The eventual “solution” reached by the government in August 2008
was to offer the foreign investors equity stakes in the Misr
Oil Processing Company (MOPCO), mostly owned by the state and
located right next door to the EAgrium construction site, with
assurances that MOPCO would double its production capacity by
2011.
Attracting
Investors
The Damietta
protests must be situated within Egypt’s broader attempt to attract
foreign investment, particularly in the petrochemical sector,
by “underpricing” its energy resources. The proposed fertilizer
complex in Damietta was sizable, encompassing two ammonia plants
that would produce 1,200 tons per day, and two urea plants that
would produce 1,925 tons per day, along with handling and storage
facilities. The consortium backing the project was 60 percent
held by the Canadian firm Agrium, one of the largest global producers
of fertilizer, with minority shares in the hands of Egyptian
state-owned petrochemical and natural gas companies and an inter-government
Arab petroleum investment corporation. It was to be the seventh
identical fertilizer complex designed and constructed in Egypt
by the German engineering firm Uhde since 2002, except that EAgrium
(E stands for Egypt) was to have double the production capacity.

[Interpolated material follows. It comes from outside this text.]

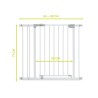 Hauck Open N Stop KD + 9cm Ekstenzija – Bela, 84-89cm | Outlet BGD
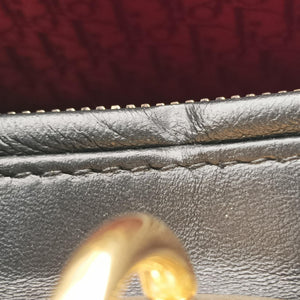 Pre-owned Christian Dior Lady Dior Black lambskin handbag | stylenewstar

Other turnkey complexes by Uhde have been completed in Abu Qir
near Alexandria, ‘Ayn al-Sukhna on the Red Sea coast, Helwan
south of Cairo and, in 2006, the Damietta free trade zone directly
adjacent to the proposed new site. This last company, the state-owned
MOPCO, remains operational.
Like many
energy producers, Egypt sets the price for natural gas, the primary
input to urea and ammonia plants, below those that emerge in
futures markets or in prevailing long-term contracts. Energy-exporting
countries face powerful incentives to “underprice” domestic energy
resources in order to attract investment in secondary processing
industries such petrochemicals, fertilizers, steel and other
energy-intensive industries. The Cairo daily al-Misri al-Yawm reported
that the Egyptian government would supply the consortium with
natural gas at a price of $1 per million British Thermal Unit
(MBtu) for five years. This price was set at a time when natural
gas had become more expensive on the world market, and the government
was planning to raise it to $2.65 by 2010.[1] Even
after the anticipated increase the price was far below the level
then prevalent on the New York mercantile exchange -- the so-called
Henry Hub price -- that climbed above $11 per MBtu in May 2008.
By keeping
prices on energy inputs low, the government effectively created
a rent that state-owned companies and private investors alike
were quick to exploit. Most foreign direct investment was earmarked
for sectors related to oil and natural gas. Petrochemicals and
fertilizers, reliant on energy inputs, emerged as two of the
fastest-growing sectors in the Egyptian economy. The five-year
plan of 2002-2007 saw industrial investments worth $9.8 billion.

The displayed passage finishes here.